Understanding Parametric Second Derivative through Polynomial Division

[Andrusko]

I'm having trouble seeing how an example comes out because the "worked example" skips about 5 steps and I can't get from point a to b.

It starts as:

$$\frac{\frac{d}{dt}(\frac{3t^{2}-3}{3t^{2}-6t})}{3t^2-6t}$$

and is meant to end up as:

$$\frac{-2(t^{2}-t+1)}{3t^{3}(t-2)^{3}}$$

I end up with a mess looking nothing like that and I suspect it's because I've missed some cunning common factor that is easy to spot provided you've already done the problem.
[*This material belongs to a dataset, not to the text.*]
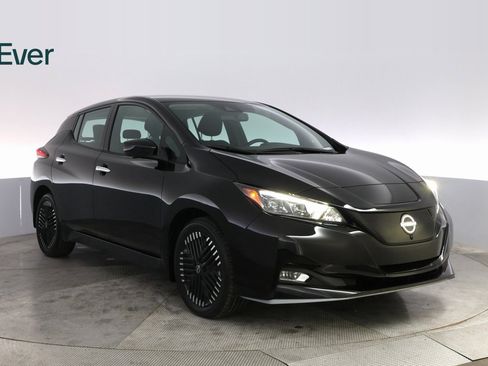Used 2024 Nissan Leaf SV Plus image 4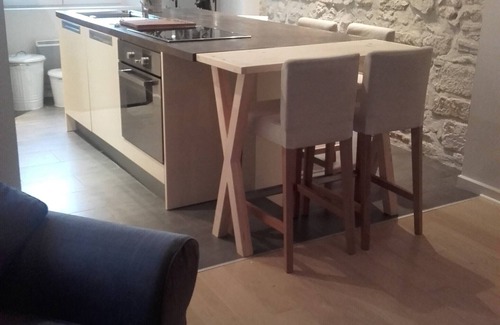 Avignon City Centre Apartment | Cosy and very quiet duplex. 4p. in the heart of the old town.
I used the quotient rule for the top part.

$$\frac{u}{v} = \frac{u'v-uv'}{v^{2}}$$

My rearrangement looks like this:

$$\frac{-3t^{2}-t+1}{(3t^{2}-6t)^{3}}$$

 

[Gib Z]

Well that was a good start, although you shouldn't be tacky with your notation!

$$\frac{u}{v} = \frac{u'v-v'u}{v^2}$$ is incorrect, although

$$\frac{d}{dx} \left( \frac{u}{v} \right) = \frac{u'v-v'u}{v^2}$$ is correct.

Firstly, I would have done polynomial division to get $$\frac{3t^2-3}{3t^2 -6} = 1 + \frac{2t-1}{t^2-2t}$$ which simplifies the algebra you have to grind through considerably.

Do it one step at a time. Let u = 2t-1, so u' = 2. v = t^2 - 2t, so v' = 2t-2. Substitute those directly into the rule again and simplify. You should get what the book says, the result is correct.

 

[Andrusko]

But it's $$3t^{2}-6t$$ on the bottom, not $$3t^{2}-6$$

Can you still divide them?

[edit] Oops turn out I just suck at polynomial division. I got it now... [edit]